Segundo ele, “a imagem do Poder Judiciário brasileiro no exterior é uma projeção da nossa Constituição e das leis do país. O Judiciário do Brasil é organizado sob os melhores princípios, aqueles que garantem ao juiz a independência e a imparcialidade. Para que esses valores sejam protegidos, os juízes brasileiros gozam de todas as garantias, e isso realmente se reflete na sua atuação e consequentemente na imagem que eles têm no exterior”, acrescenta o ministro.

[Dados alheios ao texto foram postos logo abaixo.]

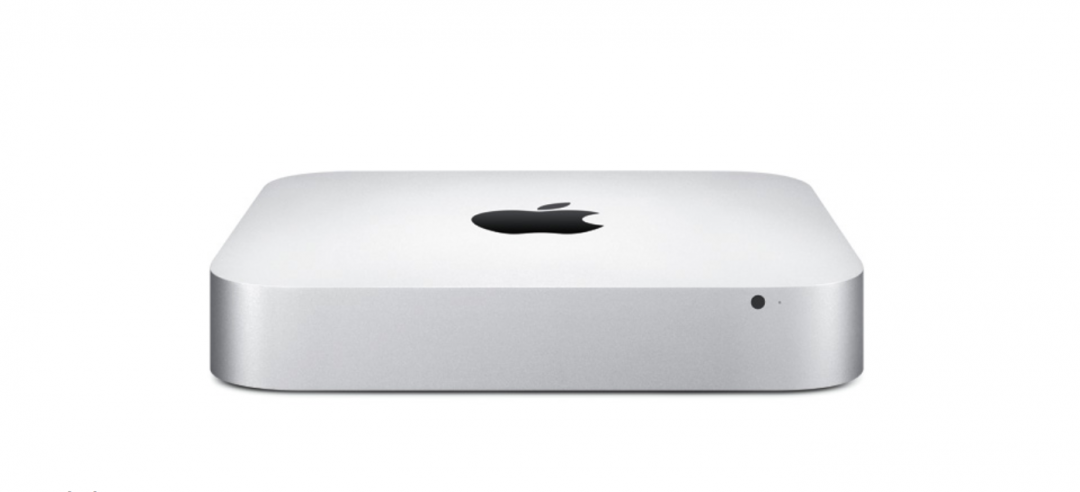 Mac Mini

Logo depois de tomar posse na presidência do STJ, em setembro de 2010, Ari Pargendler já havia abordado o assunto em uma entrevista, referindo-se a garantias como vitaliciedade, inamovibilidade e irredutibilidade de vencimentos. Além dessas prerrogativas pessoais dos juízes, o Judiciário goza de autonomia funcional, administrativa e orçamentária. “Poucos países dão aos juízes e, consequentemente, aos cidadãos que esses juízes jurisdicionam, tantas garantias quanto o Brasil dá. Os brasileiros não têm noção do valor que representa um juiz realmente independente”, afirmou.
Sem precedentes
Antes mesmo da promulgação da Emenda Constitucional n. 45 – que instituiu a chamada reforma do Judiciário, de 2004, que aperfeiçoou e ampliou as garantias estabelecidas pela Constituição de 88 –, a independência da Justiça brasileira já era reconhecida internacionalmente.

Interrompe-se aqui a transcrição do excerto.